Peter H. Wilson

 

On his book Heart of Europe: A History of the Holy Roman Empire

Cover Interview of November 22, 2016

In a nutshell

The Holy Roman Empire’s history is central to the European experience and the question of European identity. Founded with Charlemagne’s coronation on Christmas Day 800, it lasted just over a millennium before being dissolved in August 1806 by Emperor Francis II to prevent its legacy being usurped by Napoleon. In addition to what is now Germany, it encompassed at one point or another all or part of Austria, Switzerland, Italy, France, Belgium, Luxembourg, Netherlands, Czech Republic, Denmark, and Poland. Other countries were linked to its history and internal affairs, such as Hungary, Croatia, Spain or Sweden. Europe’s east-west and north-south tensions intersected in the Empire’s core lands between the Alps and the Rhine, Elbe and Oder rivers, while trade, cultural exchange and military campaigns ranged across it in all directions.

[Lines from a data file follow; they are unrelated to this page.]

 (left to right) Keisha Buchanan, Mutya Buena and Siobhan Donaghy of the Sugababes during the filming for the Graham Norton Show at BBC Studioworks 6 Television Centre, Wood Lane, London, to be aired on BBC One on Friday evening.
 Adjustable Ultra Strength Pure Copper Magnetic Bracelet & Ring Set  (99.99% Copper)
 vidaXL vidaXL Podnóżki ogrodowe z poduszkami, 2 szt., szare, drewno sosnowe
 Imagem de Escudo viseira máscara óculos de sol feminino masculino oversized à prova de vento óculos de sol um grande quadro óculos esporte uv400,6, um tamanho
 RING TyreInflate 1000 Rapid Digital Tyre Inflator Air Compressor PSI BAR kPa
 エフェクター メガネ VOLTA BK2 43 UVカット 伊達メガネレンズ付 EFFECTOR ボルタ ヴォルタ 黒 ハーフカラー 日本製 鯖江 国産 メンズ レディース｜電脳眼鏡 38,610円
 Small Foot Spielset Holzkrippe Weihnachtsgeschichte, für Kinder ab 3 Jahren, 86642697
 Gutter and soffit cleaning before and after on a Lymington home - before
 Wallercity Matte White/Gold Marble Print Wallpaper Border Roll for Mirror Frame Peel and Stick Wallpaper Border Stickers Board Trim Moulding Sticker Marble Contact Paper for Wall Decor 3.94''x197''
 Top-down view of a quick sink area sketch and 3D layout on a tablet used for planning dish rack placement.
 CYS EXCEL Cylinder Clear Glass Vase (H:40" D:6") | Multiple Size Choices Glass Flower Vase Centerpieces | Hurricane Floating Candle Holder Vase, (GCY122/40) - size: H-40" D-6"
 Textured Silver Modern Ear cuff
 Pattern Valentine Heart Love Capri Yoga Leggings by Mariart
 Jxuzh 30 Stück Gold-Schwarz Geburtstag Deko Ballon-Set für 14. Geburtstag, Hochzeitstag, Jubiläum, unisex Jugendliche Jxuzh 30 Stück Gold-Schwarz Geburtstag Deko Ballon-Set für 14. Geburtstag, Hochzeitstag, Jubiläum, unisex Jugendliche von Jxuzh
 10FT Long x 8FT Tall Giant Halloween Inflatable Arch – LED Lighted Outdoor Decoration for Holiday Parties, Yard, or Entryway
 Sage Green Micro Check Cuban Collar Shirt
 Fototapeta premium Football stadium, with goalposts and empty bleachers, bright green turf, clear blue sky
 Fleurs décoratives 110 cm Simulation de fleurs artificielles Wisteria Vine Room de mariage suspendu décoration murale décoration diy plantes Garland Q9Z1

Yet, the Empire scarcely figures in most histories of Europe. If it is remembered at all, it is usually through Voltaire’s famous quip that it was ‘neither holy, Roman or an empire’. Voltaire was writing at a time when history was emerging as a professional academic discipline that took the centralised national state as its primary focus. Europe’s history came to be written as a series of discrete national stories, each constructed around homelands, cultures and heroes and heroines credited with forging modern states. Many of these states emerged in direct opposition to the two predominantly German-speaking empires of the nineteenth century: Austria-Hungary and imperial Germany. Nineteenth-century nation-builders in Italy, the Netherlands or elsewhere had no use for the Empire’s history which was reduced to that of medieval Germany. Meanwhile, German writers increasingly regarded it as a source of national shame because it did not develop as the kind of powerful, centralised national monarchy that they believed necessary in their own time.